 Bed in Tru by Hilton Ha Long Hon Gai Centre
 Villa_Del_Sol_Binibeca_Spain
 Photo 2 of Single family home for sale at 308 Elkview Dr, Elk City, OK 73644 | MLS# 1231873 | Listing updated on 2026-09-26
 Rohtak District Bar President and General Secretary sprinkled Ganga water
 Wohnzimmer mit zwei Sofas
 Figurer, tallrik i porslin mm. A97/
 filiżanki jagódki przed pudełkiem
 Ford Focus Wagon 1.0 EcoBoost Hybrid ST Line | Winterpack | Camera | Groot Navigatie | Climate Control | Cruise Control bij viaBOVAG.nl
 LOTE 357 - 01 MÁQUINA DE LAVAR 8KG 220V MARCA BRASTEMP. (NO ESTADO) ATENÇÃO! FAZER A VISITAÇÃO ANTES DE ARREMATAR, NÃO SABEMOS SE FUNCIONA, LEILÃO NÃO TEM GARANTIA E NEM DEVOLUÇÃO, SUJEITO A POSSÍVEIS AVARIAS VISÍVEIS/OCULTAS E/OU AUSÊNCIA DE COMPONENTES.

......

Each line in the material above should be repeated exactly.

 Bed in Tru by Hilton Ha Long Hon Gai Centre
 Villa_Del_Sol_Binibeca_Spain
 Photo 2 of Single family home for sale at 308 Elkview Dr, Elk City, OK 73644 | MLS# 1231873 | Listing updated on 2026-09-26
 Rohtak District Bar President and General Secretary sprinkled Ganga water
 Wohnzimmer mit zwei Sofas
 Figurer, tallrik i porslin mm. A97/
 filiżanki jagódki przed pudełkiem
 Ford Focus Wagon 1.0 EcoBoost Hybrid ST Line | Winterpack | Camera | Groot Navigatie | Climate Control | Cruise Control bij viaBOVAG.nl
 LOTE 357 - 01 MÁQUINA DE LAVAR 8KG 220V MARCA BRASTEMP. (NO ESTADO) ATENÇÃO! FAZER A VISITAÇÃO ANTES DE ARREMATAR, NÃO SABEMOS SE FUNCIONA, LEILÃO NÃO TEM GARANTIA E NEM DEVOLUÇÃO, SUJEITO A POSSÍVEIS AVARIAS VISÍVEIS/OCULTAS E/OU AUSÊNCIA DE COMPONENTES.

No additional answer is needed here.